From the line with "daddy's girl embroidered" to the end of the data below, restate each line word for word, both ends included, without the pictures.

- [DATA]
§

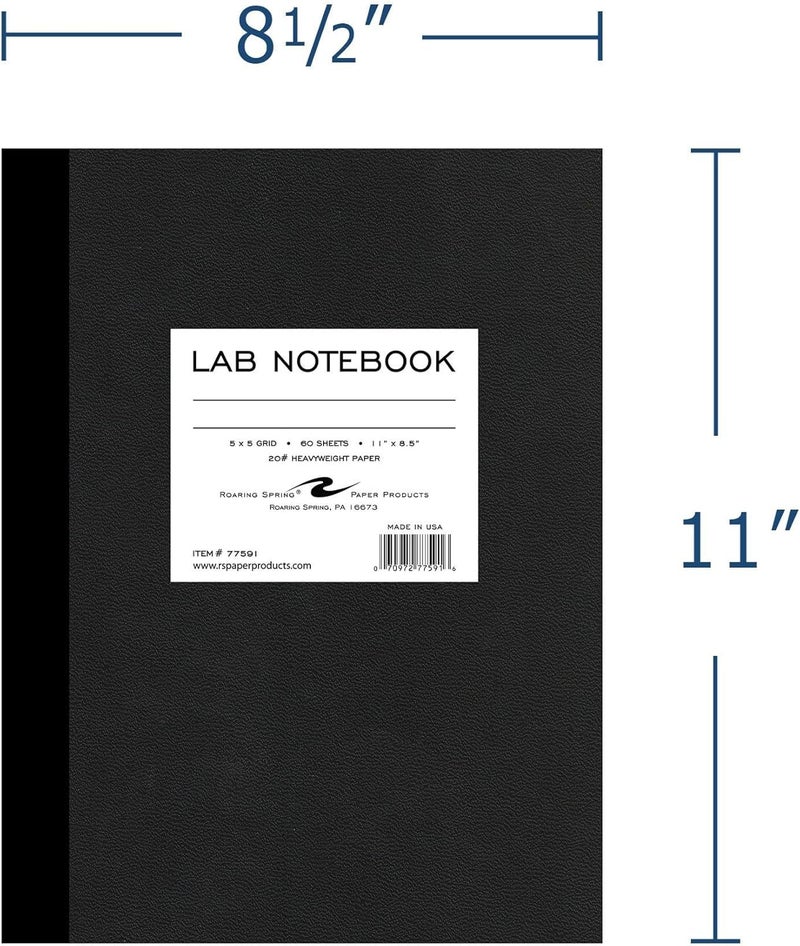 Roaring Spring Lab Notebook, 120 Pages, 11" x 8.5", 5x5 Grid Ruled White Paper, Single Copy, Made In USA - Image 2
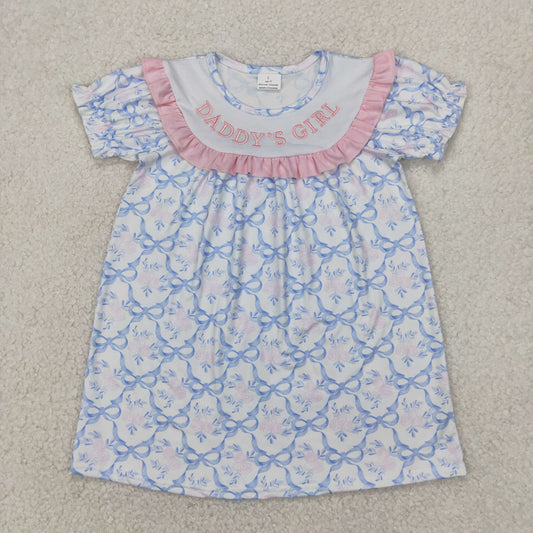 daddy's girl embroidered blue bow floral dress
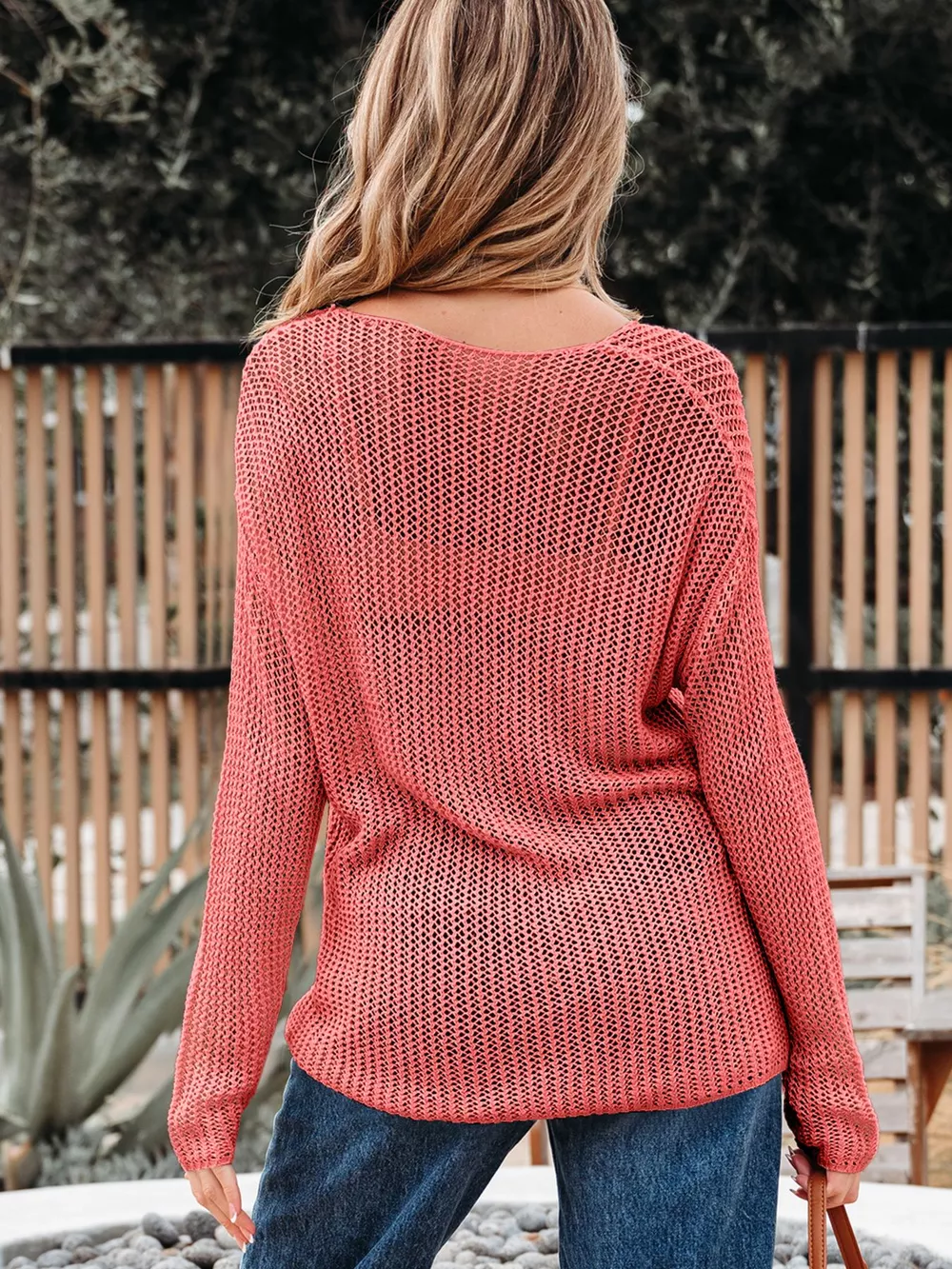 Crochet Hollow Out Long Sleeve Knit Top, image 3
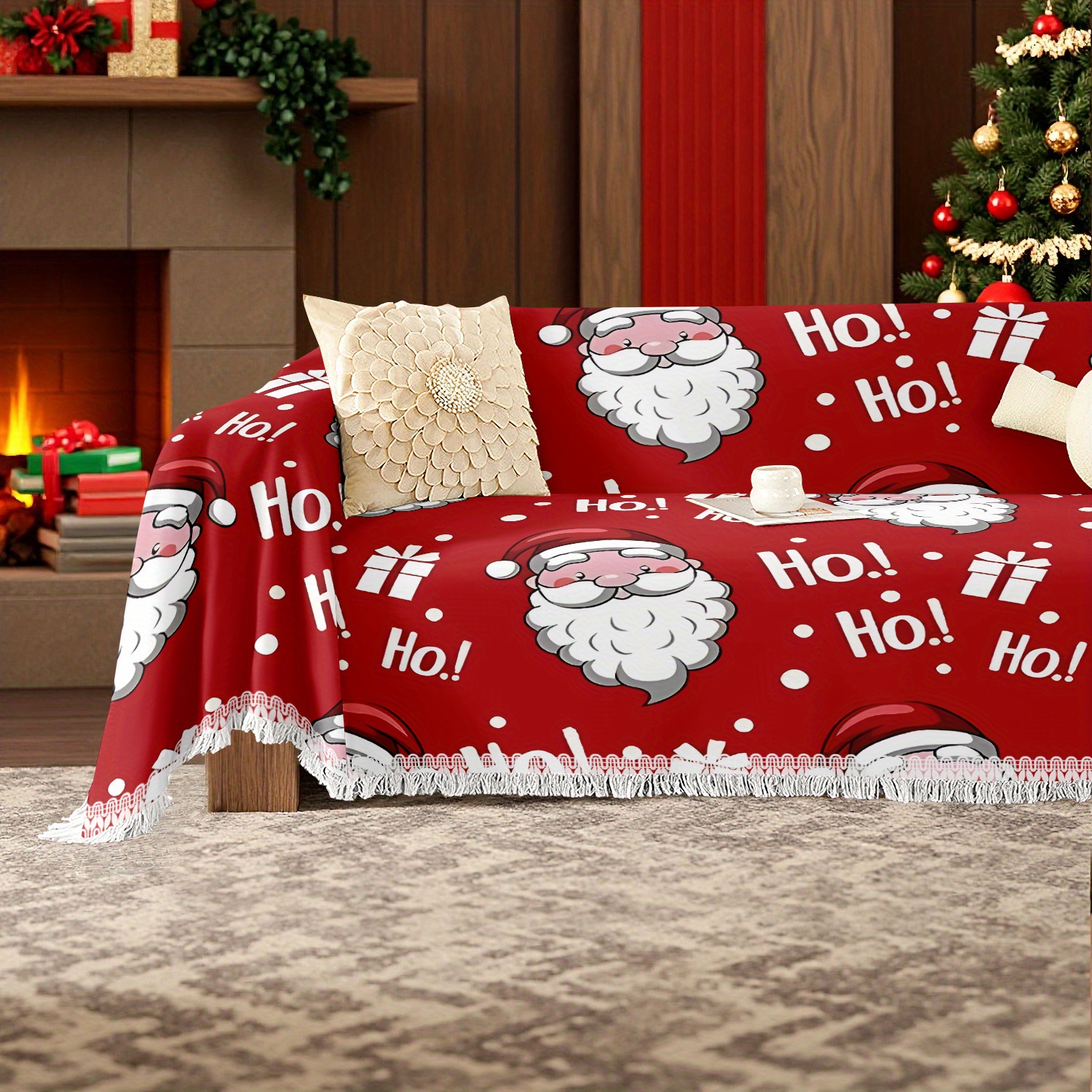 TEMU 1pc Festive Christmas Carol Print Sofa Cover - "ho! Ho! Ho! Merry Christmas" Design, Red Chenille Fabric, Machine Washable, Pet-friendly, Ideal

§

- [WRITTEN RESPONSE]
 daddy's girl embroidered blue bow floral dress
 Crochet Hollow Out Long Sleeve Knit Top, image 3
 TEMU 1pc Festive Christmas Carol Print Sofa Cover - "ho! Ho! Ho! Merry Christmas" Design, Red Chenille Fabric, Machine Washable, Pet-friendly, Ideal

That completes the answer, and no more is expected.